On April 11, 1832. the Guayama Pueblo was destroyed by fire that burned down 57 houses and 9 huts. The reconstruction of the pueblo followed the rules for all Latin American cities found in the “Compilation of Laws of the Indies,” published in 1680. Streets were laid out in a perfect grid, with straight streets oriented north and south, east and west. The central plaza and the blocks to its east and west are rectangular; almost all the other blocks are square.

Guayama territorial order was altered at different times through the years. Some of the most populated neighborhoods were segregated to form new towns. Patillas was established in 1811 as an independent municipality. In 1831, the territory comprised the neighborhoods: Algarrobos, Ancones, Arroyo, Carreras, Guayama Pueblo, Guamaní, Jobos, Machete, and Yaurel.
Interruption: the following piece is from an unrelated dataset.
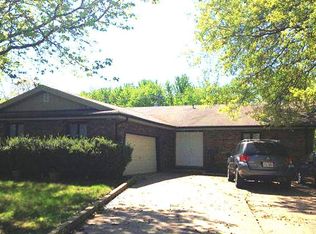 2118 Austin Dr, Springfield, IL 62704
Later, Arroyo was divided into Arroyo Este and Arroyo Oeste and neighborhoods emerged: Pozo Hondo, Palmas de Aguamanil, Caimital, Pitajayas, Cuatro Calles, Sabana Eneas, Palmas, and Salinas. The latter had been segregated from Coamo.

In 1855, Arroyo was separated to become an independent municipality, taking the neighborhoods: Ancones, Arroyo, Yaurel, Pitajaya, and Cuatro Calles. By 1878, Guayama was a department head including: Comerío (then Sabana del Palmar), Cidra, Cayey, Salinas, Arroyo, San Lorenzo (then called Hato Grande), Aguas Buenas, Caguas, Gurabo, and Juncos. The development continued with the construction of the town cemetery in 1844, the slaughterhouse and meat market in 1851, and a wooden theater of two levels in 1878. By then Guayama had fourteen sugar plantations operating with steam engines and three with ox mills. Also practiced in this municipality was the exploitation of lead mines by the company "La Estrella", owned by Miguel Planellas, as well as the mineral galena, by the company "La Rosita", owned by Antonio Aponte. In 1881, Guayama is declared a Villa (First Order Municipality).
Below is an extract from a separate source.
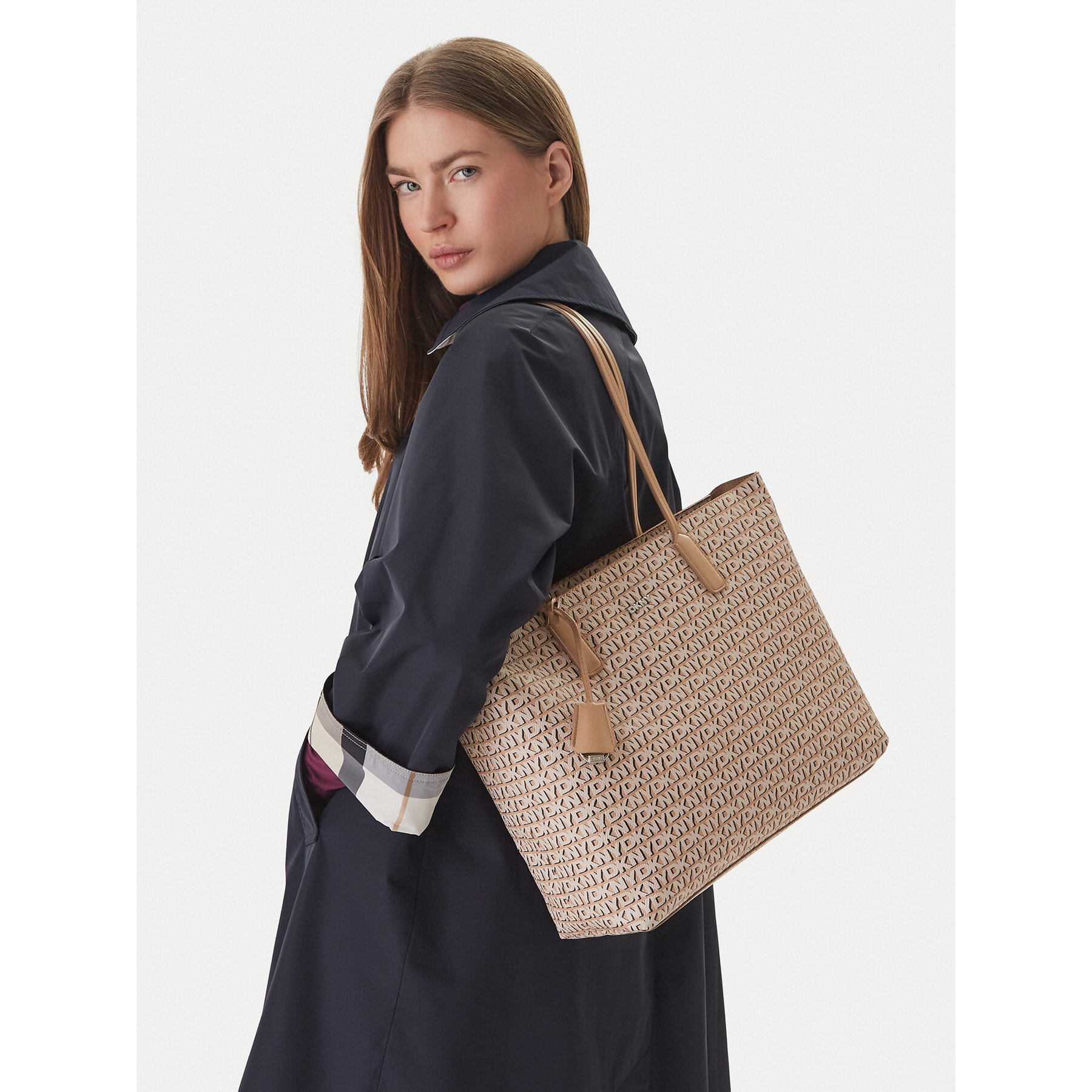 Ročna torba DKNY Saige Ew Tz Tote R52A5I42 Bež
During the Spanish–American War, American forces under General Nelson A. Miles landed at Guánica near Ponce on July 25, 1898. The landing surprised the United States War Department no less than the Spanish, as Miles had been instructed to land near San Juan (the War Department learned of the landing through an Associated Press release.) However, en route to Puerto Rico Miles concluded that a San Juan landing was vulnerable to attack by small boats, and so changed plans. Ponce, said at the time to be the largest city in Puerto Rico, was connected with San Juan by a 70 mi military road, well defended by the Spanish at Coamo and Aibonito. In order to flank this position, American Major General John R. Brooke landed at Arroyo, just east of Guayama, intending to move on Cayey, which is northwest of Guayama, along the road from Ponce to San Juan. General Brooke occupied Guayama August 5, 1898, after slight opposition, in the Battle of Guayama. On August 9, the Battle of Guamaní took place north of Guayama. A more significant battle, the Battle of Aibonito Pass, was halted on the morning of August 13 upon notification of the armistice between the United States and Spain.

Puerto Rico was ceded by Spain in the aftermath of the Spanish–American War under the terms of the Treaty of Paris of 1898 and became a territory of the United States. In 1899, the United States Department of War conducted a census of Puerto Rico finding that the population of Guayama was 12,749.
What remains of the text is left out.